Opinion
20-P-417
04-27-2021
MEMORANDUM AND ORDER PURSUANT TO RULE 23.0
After a jury-waived trial, the defendant was convicted of violating a G. L. c. 209A abuse prevention order (209A order). At issue on appeal is whether the evidence was sufficient to prove beyond a reasonable doubt that the defendant contacted the victim in violation of the 209A order. We conclude that it was and therefore affirm.
Background. The judge could have found the following facts. The victim obtained the 209A order in February 2017, after dating the defendant for around five years. The 209A order required the defendant to stay away from the victim and prohibited him from contacting her. On February 4, 2019, the victim obtained an extension of the 209A order following a Probate Court hearing at which the defendant was present. During the extension hearing, the victim stated that she had recently moved and that her new address "was impounded by the address confidentiality program." This was the first time that the victim told the defendant about her involvement in the program.
Five days after the extension hearing, the victim went to her front door to retrieve a package and found a handwritten note between the outer glass door and inner wooden door. The note read, "You can't hide." The victim had last used the front door the day before the extension hearing, which she recalled specifically because the Super Bowl was on that day and she had a pizza delivered. Had the note been there at the time, the victim would have noticed because she would have stepped on it when she stood in the doorway to get the pizza. The victim was familiar with the defendant's handwriting, as she had seen it numerous times, and she believed that the handwriting on the note was similar. Furthermore, neither the victim nor her husband were concealing their address from anyone other than the defendant.
An exemplar of the defendant's handwriting was entered in evidence for comparison.
Discussion. To sustain a conviction under G. L. c. 209A, § 7, the Commonwealth has the burden of proving, among other elements, that "the defendant violated the [209A] order." Commonwealth v. Silva, 431 Mass. 401, 403 (2000). The defendant contends that the Commonwealth failed to meet this burden because it presented insufficient evidence that he was responsible for the note, which was the sole basis for finding him in violation of the 209A order.
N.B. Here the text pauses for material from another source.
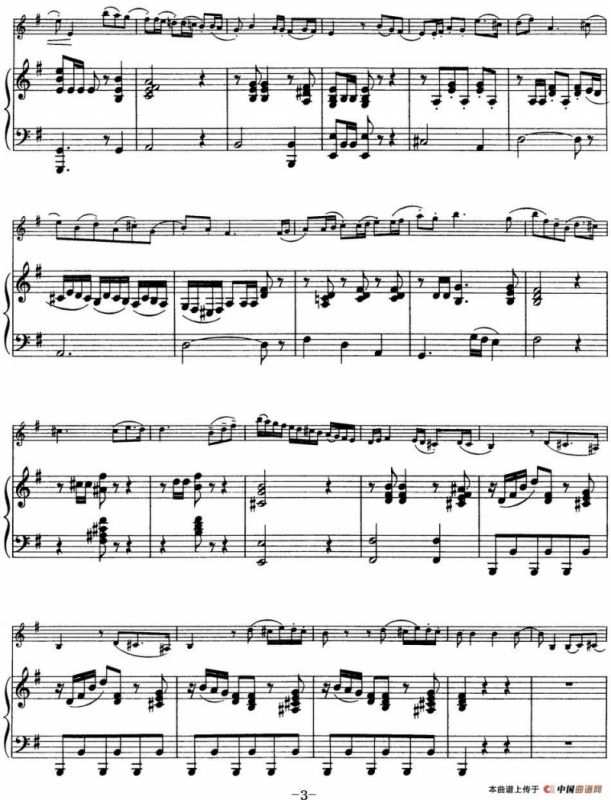 25首小提琴曲合集：Polonaise.（小提琴+钢琴伴奏）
The defendant does not challenge the sufficiency of the evidence as to the other elements of the offense.
Viewing the evidence in the light most favorable to the Commonwealth, see Commonwealth v. Ayala, 481 Mass. 46, 51 (2018), we conclude that the judge, as trier of fact, could have found beyond a reasonable doubt that the defendant violated the 209A order. The evidence permitted a finding that the note was left in the victim's doorway at some point during the five days following the extension hearing. The judge could also have inferred that the message, "You can't hide," referred to the victim's participation in the address confidentiality program, which she revealed to the defendant for the first time at the hearing. Given the timing and the content of the note, and the surrounding circumstances, the judge did not have to "resort to speculation or irrational thinking to find the defendant responsible." Commonwealth v. Russell, 46 Mass. App. Ct. 307, 310 (1999). More than establishing just motive to commit the crime, the circumstantial evidence, and the common-sense inferences therefrom, pointed to the defendant as the perpetrator. See id. at 311 (based on common-sense inferences from evidence, jury could have found that defendant called wife in violation of 209A order and that it was not equally plausible that some unknown third person did so "for no apparent reason and coincidentally on the heels of the defendant's learning of the [209A] order").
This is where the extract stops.